What is Sequential Testing and how does it work?
In a classic horizon test, you shouldn’t check your experiment before the end because at each check you’ll have a chance to make the wrong decision.
Sequential Testing is here to answer that behavior. It’s a classic horizon test where you’ll apply a kind of correction to take into account the fact that we will take several opportunities to decide to continue or to stop the experiment. And the radical decision you’ll make to stop the experiment is because you detected a loser.
How does it not go against AB Testing rules?
Rule °1: In AB Testing, you should sample each day of the week equally. People do not behave the same depending on the day. If Friday is your hottest business day, then you should sample that day. You want your data to be the most representative of your overall business so you need to sample each day the same way.
Obviously this rule is broken if you use sequential testing since you may stop the test in mid week. But the difference in this case is that you only stop to declare a loser, not a winner. If the B variation is significantly behind the reference, there is no chance that it will both catch up to the reference and even get significantly above it, just in a few days. So you are not leaving a winner on the table, in the worst case scenario you will declare B as loser when in fact B is equivalent to A. If you sampled all days equally you would have discovered it later.
So this “worst case scenario” is in fact a good thing : you saved visitors for another test.
Rule °2: In AB Testing, you should wait 2 business cycles before having significant data and making a decision. True. When you’re looking for a winner. But here we’re looking for a loosing experiment. So when the statistical test says there’s a loser, at worst he’s saying that your variation is even with the reference. In practice, it’s not a mistake since your goal is to find a clear winner, not to spend visitors on a neutral test.
Depending on the sensitivity level, how many false alarms would be triggered?
If we consider that all experiments are neutral, then we should have 5%, 3% or 1% of experiments which will trigger a false alarm (based on the sensitivity level selected -- High, Balanced, Low).
In every case, that estimation is increased because not all experiments are neutral, there’s winners and losers which aren’t taken into consideration here.
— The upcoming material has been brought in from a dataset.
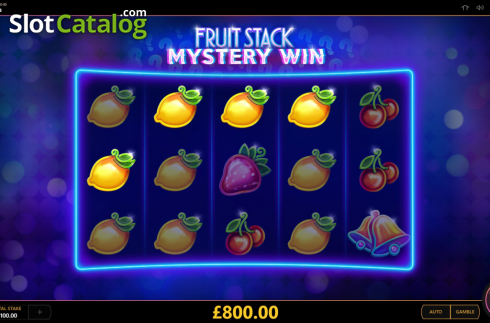 Οθόνη4. Fruit Stack Mystery Win Κουλοχέρης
I.e, with the Low sensitivity level (1%), it’s unlikely that you’ll receive a false alarm.
What is the behavior with an A/B/C test?
The more you’ll have variation, the more comparison will be done.
Here, the sequential testing algorithm will compare A vs B & A vs C. If B or C should underperform, the alerting system will be triggered.
In case of an experiment with more than one variation, what happens when it’s underperforming?
It depends on the setup you did. If one of the variations is underperforming and you just selected to receive an alert, then you’ll be warned that the variation is loosing. If you choose to stop the whole experiment, the experiment will be stopped.
If you have only selected to be alerted and your experiment with 4 variations is underperforming on 3 of them, you’ll receive an alert for each variation.
Can I receive an alert after having been already alerted for a variation?
The alerting system is limited to one per day, so you might receive one alert per day for each variation underperforming in case you didn’t take any action.
How does the alerting system work?
There’s 4 parameter to take a decision:
- The volume of traffic
- The difference between variation
- Time elapsed since the beginning of the experiment
- The level of sensitivity set: the more sensitive the sooner the alert
Depending on those parameters combinations, we’ll trigger an alert or not.
How does the alerting system react in case my primary KPI doesn’t apply to my variation?
As the sequential testing algorithm is applied on the Primary KPI here and you might have 0 conversions on your KPI, you’ll certainly receive an alert to warn you.
Note that here it’s because the Primary KPI doesn’t apply on your variation, but it might also be because of an implementation issue and it could save your experiment.